Problem to work on =>
What is needed is an exact reproduction of the lines in the records below, starting at the line with "MSI MAG 321UP QD-OLED 31.5インチ 4K UHD" and ending at the line with "Vogt BF.WL.1301.BN- Worgl", both included, and nothing else; pictures stay out.

Supplied data =>

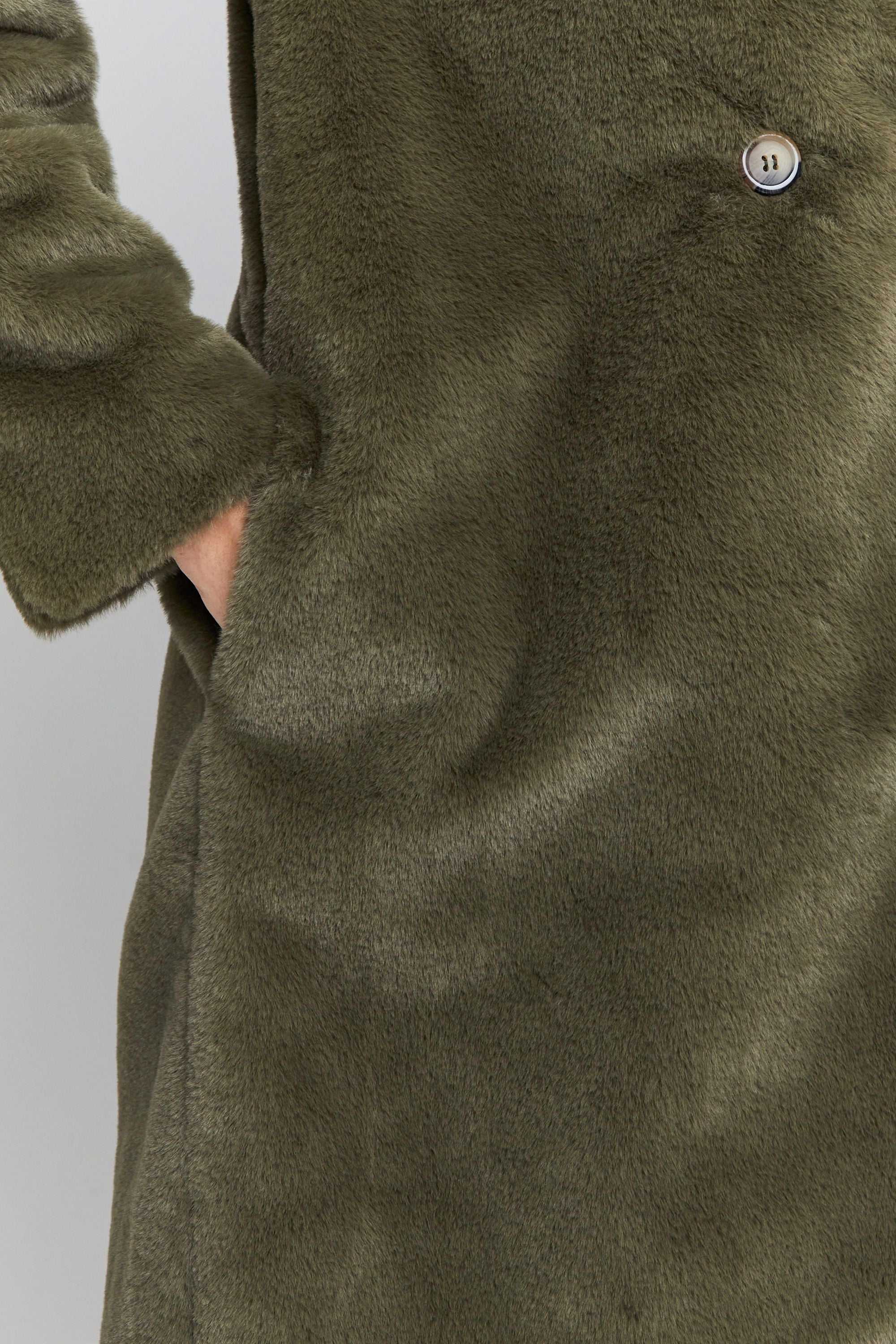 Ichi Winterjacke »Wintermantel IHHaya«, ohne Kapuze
--
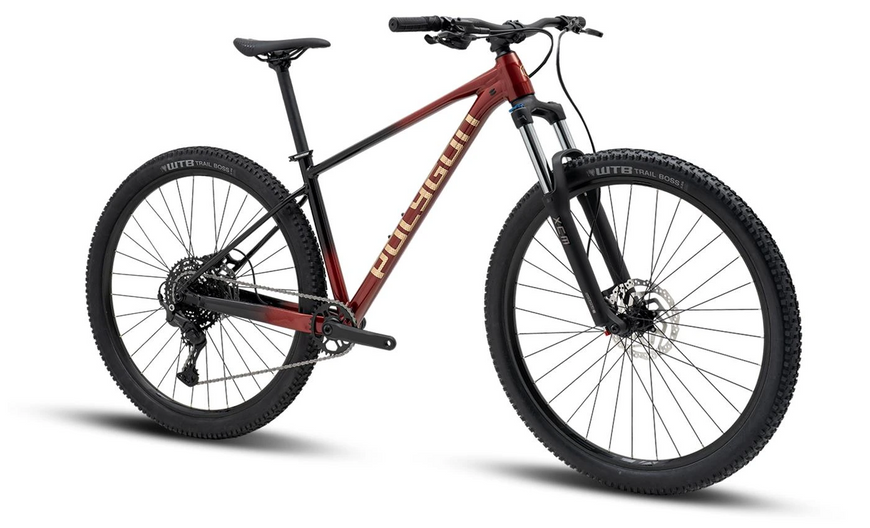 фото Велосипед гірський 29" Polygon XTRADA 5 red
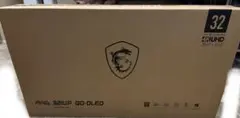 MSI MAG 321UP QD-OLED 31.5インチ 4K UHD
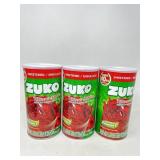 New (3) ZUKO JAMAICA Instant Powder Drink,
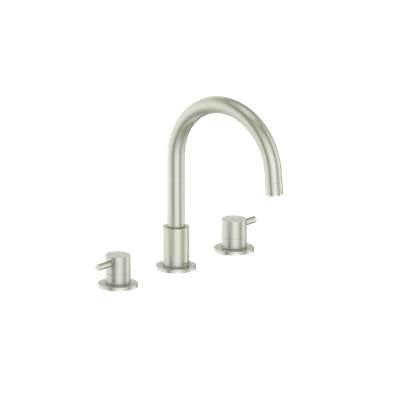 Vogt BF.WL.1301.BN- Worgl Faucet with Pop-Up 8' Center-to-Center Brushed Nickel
...
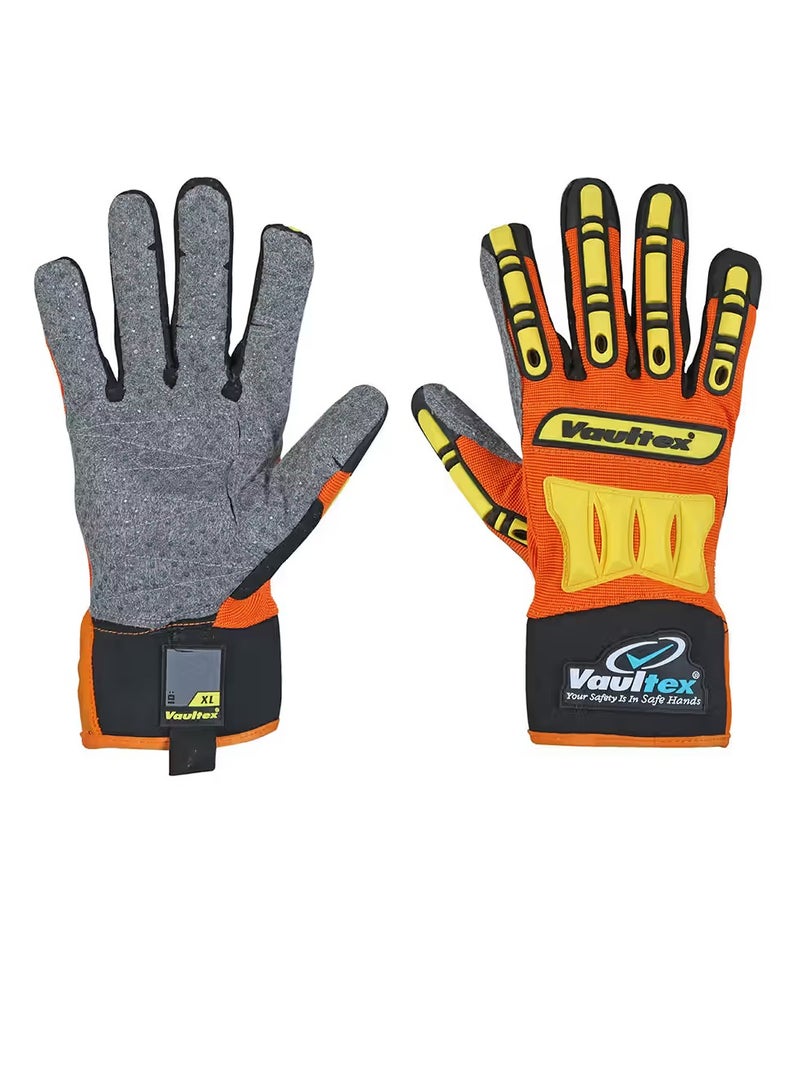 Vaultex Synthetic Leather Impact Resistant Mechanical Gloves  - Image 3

Solved problem =>
 MSI MAG 321UP QD-OLED 31.5インチ 4K UHD
 New (3) ZUKO JAMAICA Instant Powder Drink,
 Vogt BF.WL.1301.BN- Worgl Faucet with Pop-Up 8' Center-to-Center Brushed Nickel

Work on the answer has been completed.